A Sneak Peek at the Next-Gen Exascale Operating System
There are several scattered pieces in the exascale software stack being developed and clicked together worldwide. Central to that jigsaw effort is the eventual operating system to power such machines.
This week the Department of Energy snapped in a $9.75 million investment to help round out the picture of what such as OS will look like. The grant went to Argonne National Lab for a multi-institutional project (including Pacific Northwest and Lawrence Livermore labs, as well as other universities) aimed at developing a prototype exascale operating system and associated runtime software.
To better understand“Argo”, the exascale OS effort, we spoke with Pete Beckman, Director of the Exascale Technology and Computing Institute and chief architect of the Argo project. Beckman says that as we look forward to the features of these ultra-scale machines, power management, massive concurrency and heterogeneity, as well as overall resiliency, can all be addressed at the OS level.

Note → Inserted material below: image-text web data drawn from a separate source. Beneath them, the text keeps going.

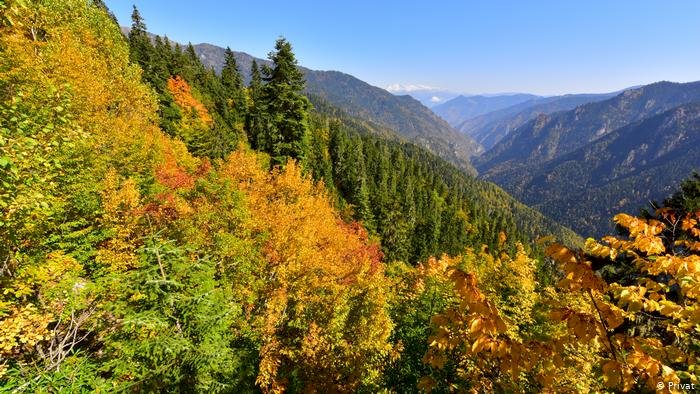 Artvin Hatila Vadisi'nde maden tehlikesi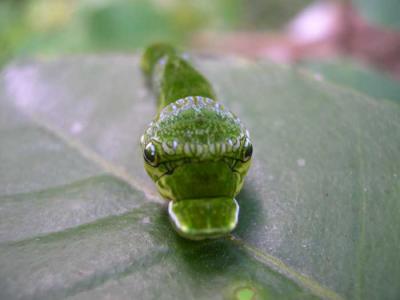 Papilio caterpillar head.jpg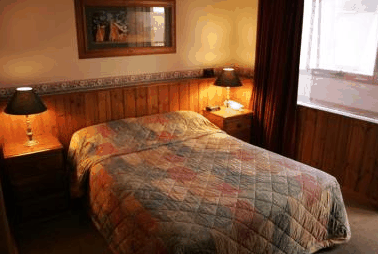 Astor Inn Hotel - Grafton Accommodation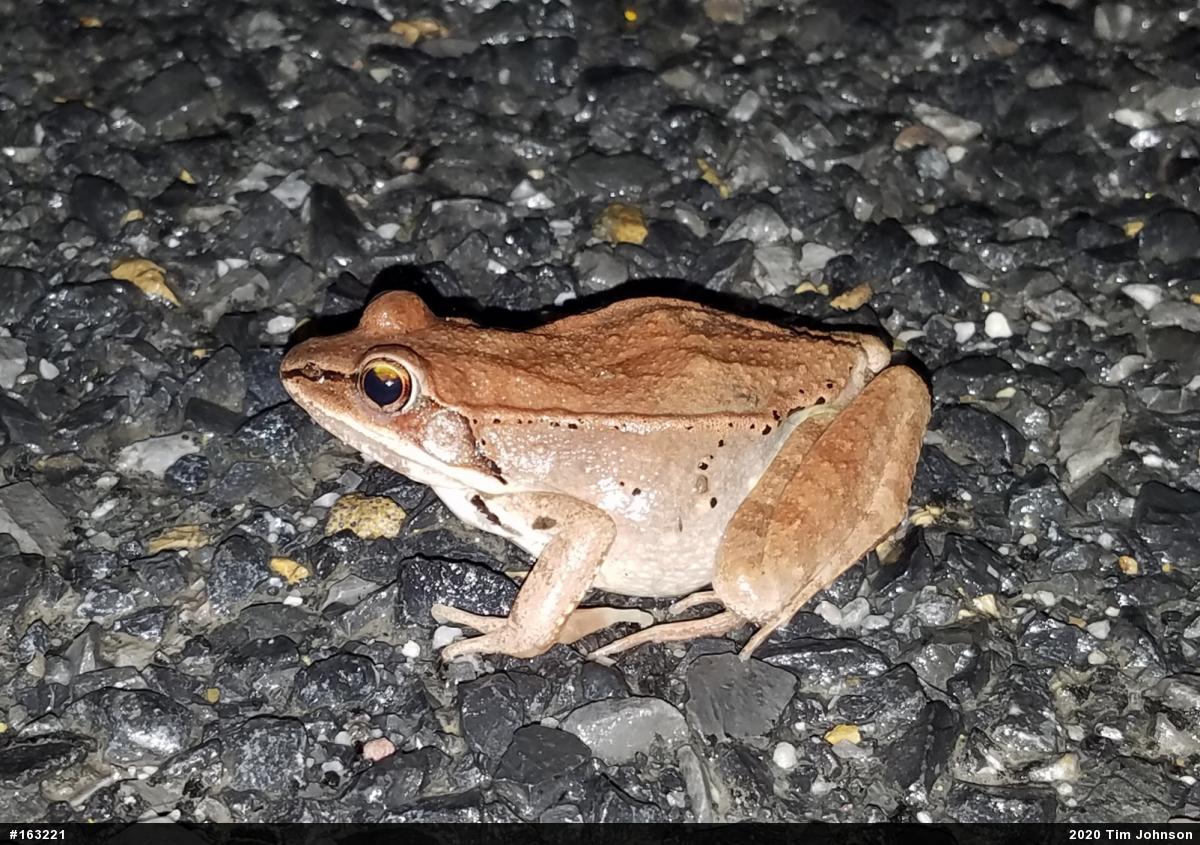 Wood Frog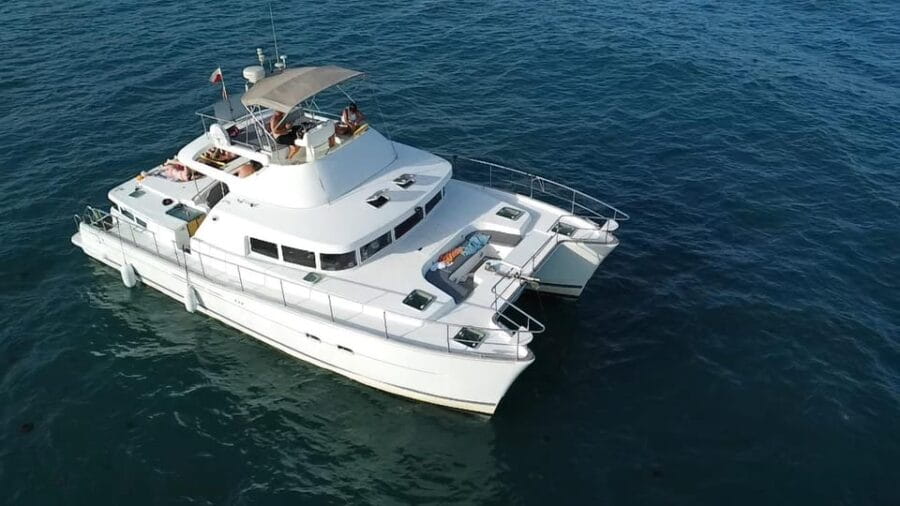 Torrevieja: Isabel alba catamaran tour 4 hours - Who Will Love This Tour?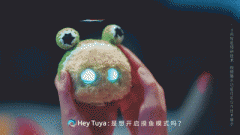 能建立起繁荣、可持续的聪慧生态 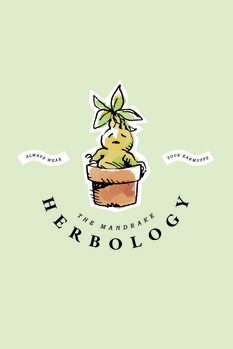 Schilderij op canvas The Mandrake - Herbology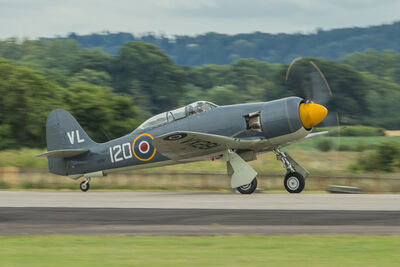 Royal Navy Sea Fury begins its take off run.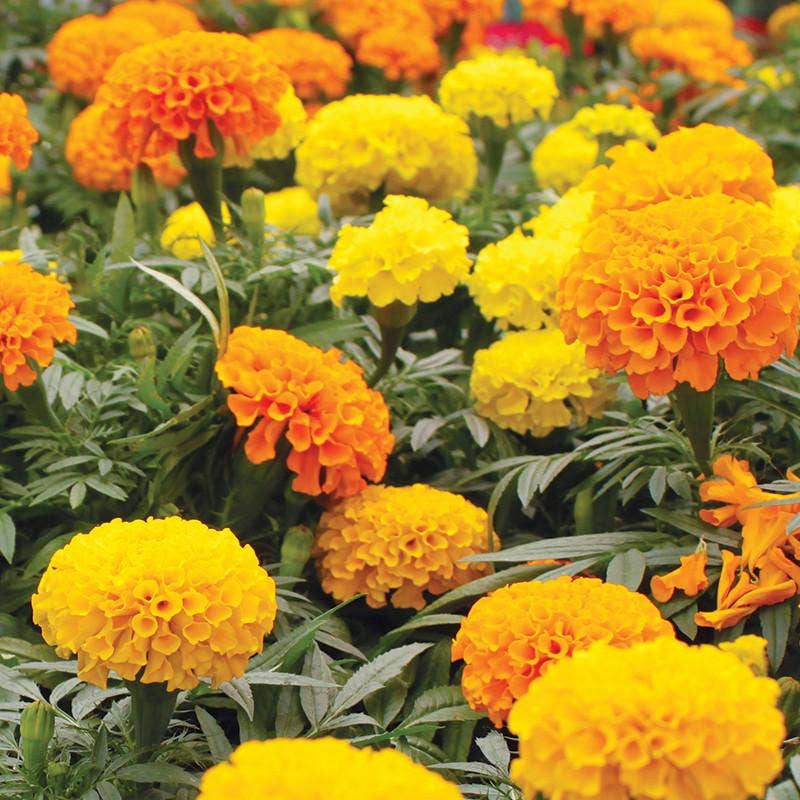 Crackerjack Marigold seed packet back with instructions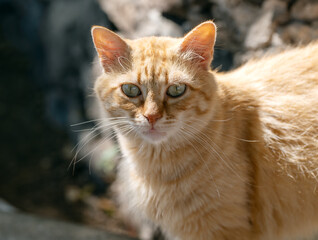 Orange tabby stray cat with green eyes, resting on sunlit rocks in Gran Canaria, Spain.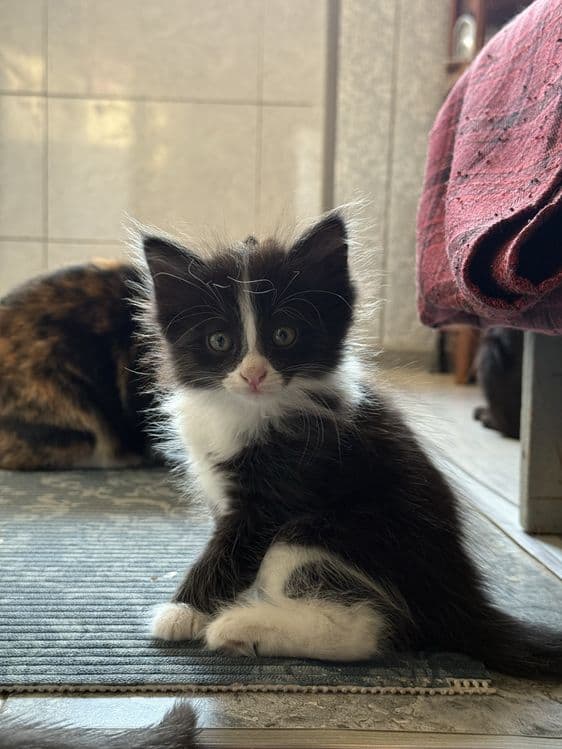 Домашние котята в добрые руки — 5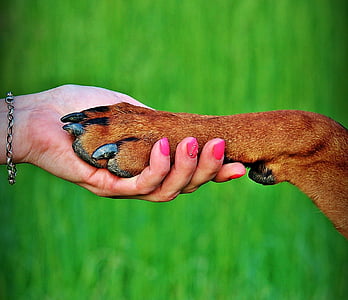 person's hand holding dog's paw thumbnail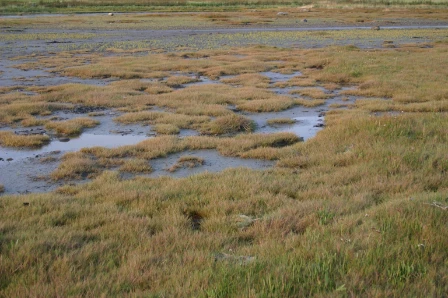 Bilde av Strandeng i nederste- til midtre landstrandbelte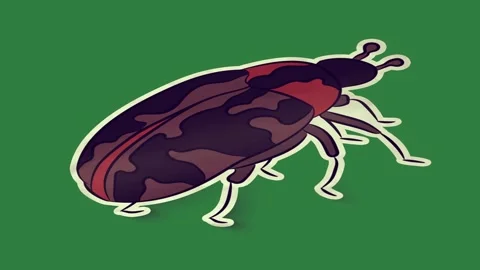A green screen with white background and sticker of bug on black red beetle an Video stock 335063903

These are not unfamiliar concerns, but attacking them at the operating system lends certain benefits, argues Beckman. For instance, fine-tuning power control and management at the core operational and workload level becomes possible with a pared-down, purpose-built and HPC-optimized OS.
Outside of power, the team describes the “allowance for massive concurrency, [met by] a hierarchical framework for power and fault management, as well as a “beacon” mechanism that allows resource managers and optimizers to communicate and control the platform.
Beckman and team describe this hierarchy as an “enclave”–in this model the OS is more hierarchical in nature than we traditionally think of it as. In other words, it’s easy to think of a node-level OS–with Argo, there is a global OS that runs across the machine. This, combined with the platform-neutral design of Argo, will make it flexible enough to change with architectures and manageable at both a system and workload level–all packaged in familiar Linux wrappings.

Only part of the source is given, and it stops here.